▸ **Exercise**
Print, word for word, every line from the beginning of the listing up to and including the line with "တောင်ကုတ်ဒေသခံတစ်ဦး မိုင်းနင်းမိ ညာခြေဖဝါးပြတ်ရှဒဏ်ရာရ". Pictures are to be excluded.

▸ **Input**
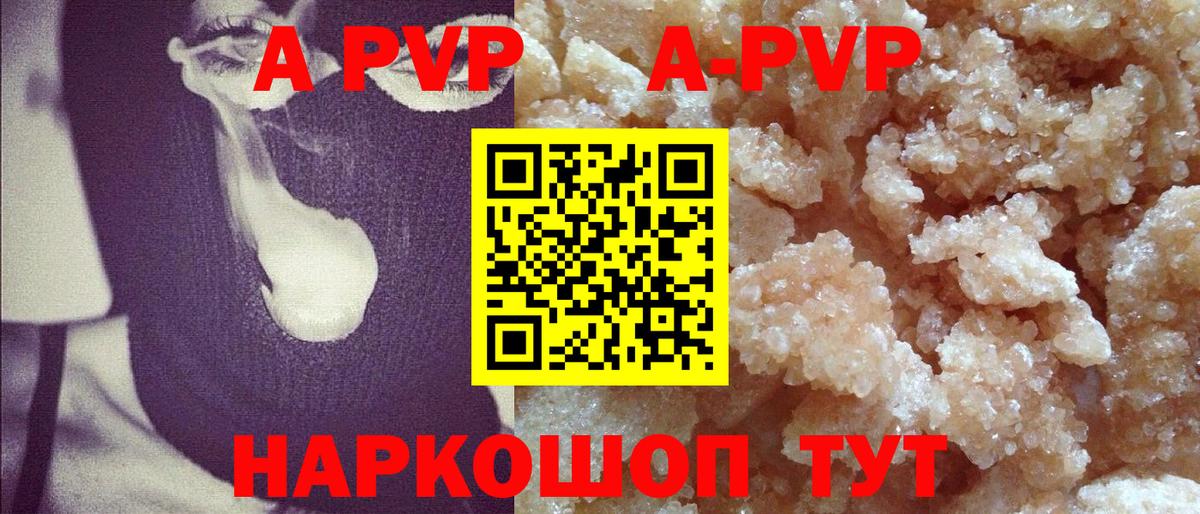 APVP Crystall Казань
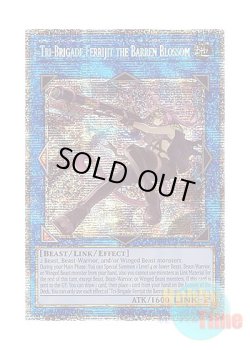 画像1: 英語版 PHRA-EN046 Tri-Brigade Ferrijit the Barren Blossom 鉄獣戦線 徒花のフェリジット (スターライトレア) 1st Edition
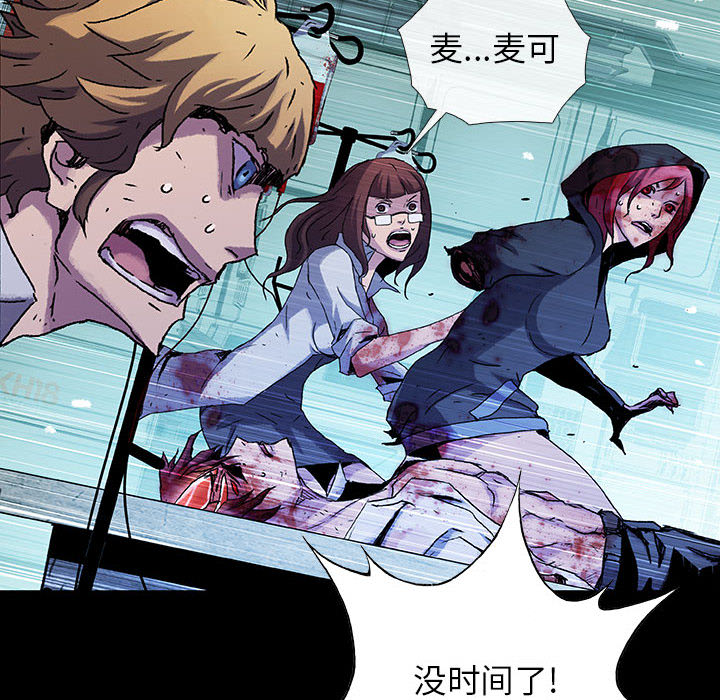 《血刃》第26话 26 第72页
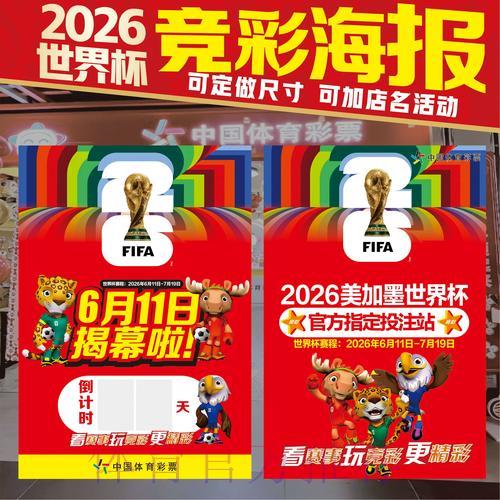 2026世界杯竞猜预测平台精选推荐攻略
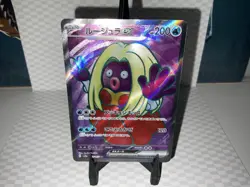 Lipoutou ex SR 193/165 SV2a Pokemon Card 151 - Pokemon Card Japanese - Image 1
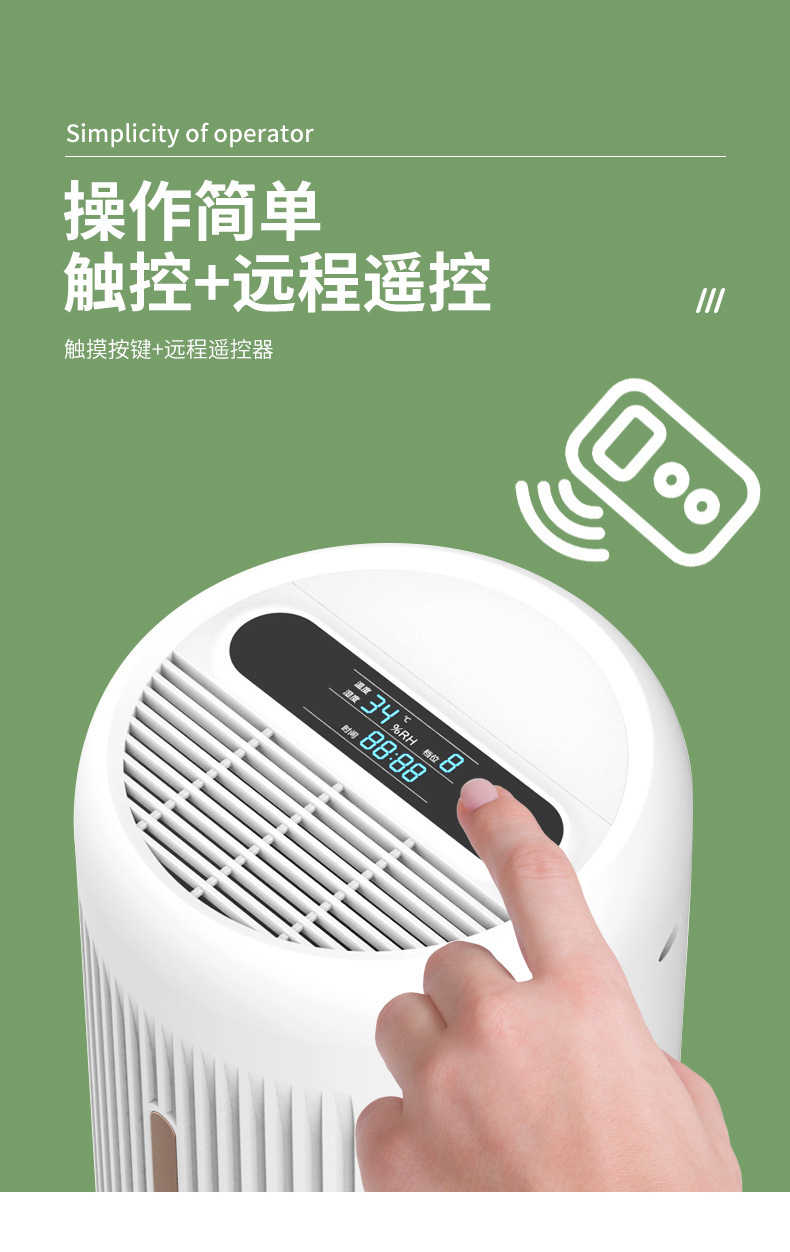 详情图_16.jpg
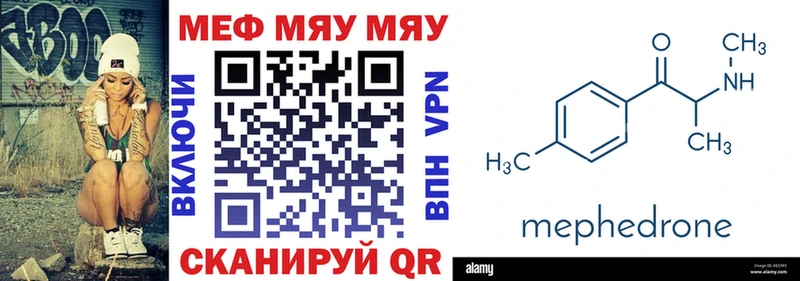 Купить закладку Полтавская Марихуана  блэк спрут ONION  Альфа ПВП  Гашиш  КОКАИН  Псилоцибиновые грибы  Меф  АМФ 
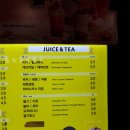 메가커피앤마카롱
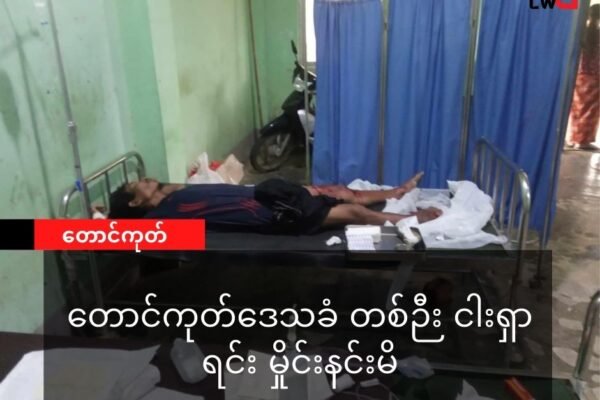 တောင်ကုတ်ဒေသခံတစ်ဦး မိုင်းနင်းမိ ညာခြေဖဝါးပြတ်ရှဒဏ်ရာရ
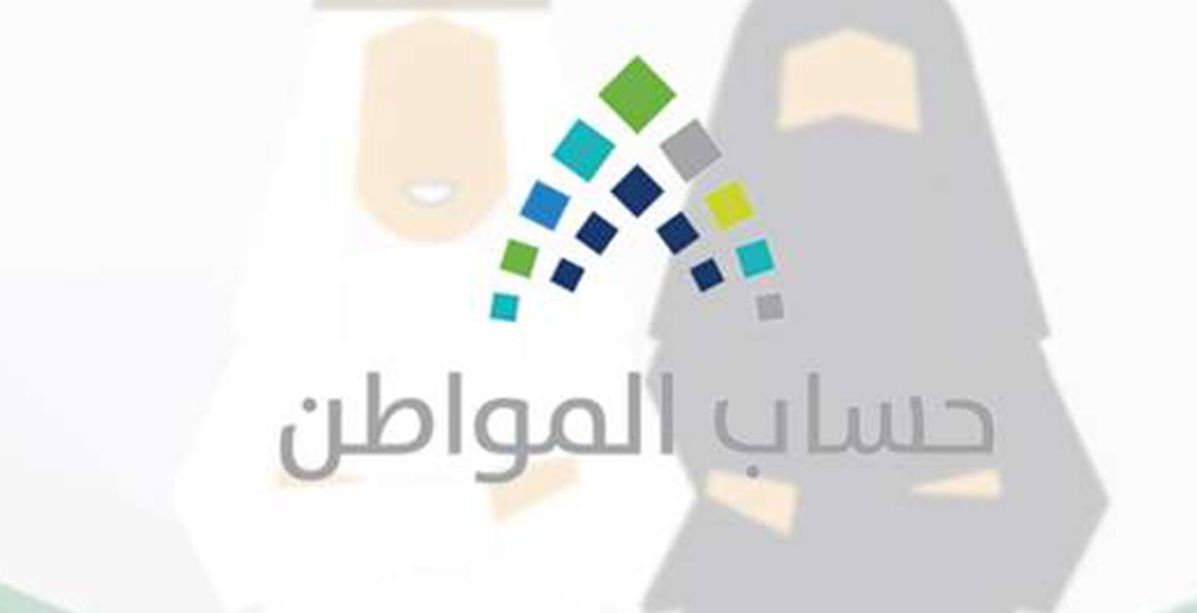 طريقة تحديث بيانات حساب المواطن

▸ **Solution below**
 APVP Crystall Казань
 画像1: 英語版 PHRA-EN046 Tri-Brigade Ferrijit the Barren Blossom 鉄獣戦線 徒花のフェリジット (スターライトレア) 1st Edition
 《血刃》第26话 26 第72页
 2026世界杯竞猜预测平台精选推荐攻略
 Lipoutou ex SR 193/165 SV2a Pokemon Card 151 - Pokemon Card Japanese - Image 1
 详情图_16.jpg
 Купить закладку Полтавская Марихуана  блэк спрут ONION  Альфа ПВП  Гашиш  КОКАИН  Псилоцибиновые грибы  Меф  АМФ 
 메가커피앤마카롱
 တောင်ကုတ်ဒေသခံတစ်ဦး မိုင်းနင်းမိ ညာခြေဖဝါးပြတ်ရှဒဏ်ရာရ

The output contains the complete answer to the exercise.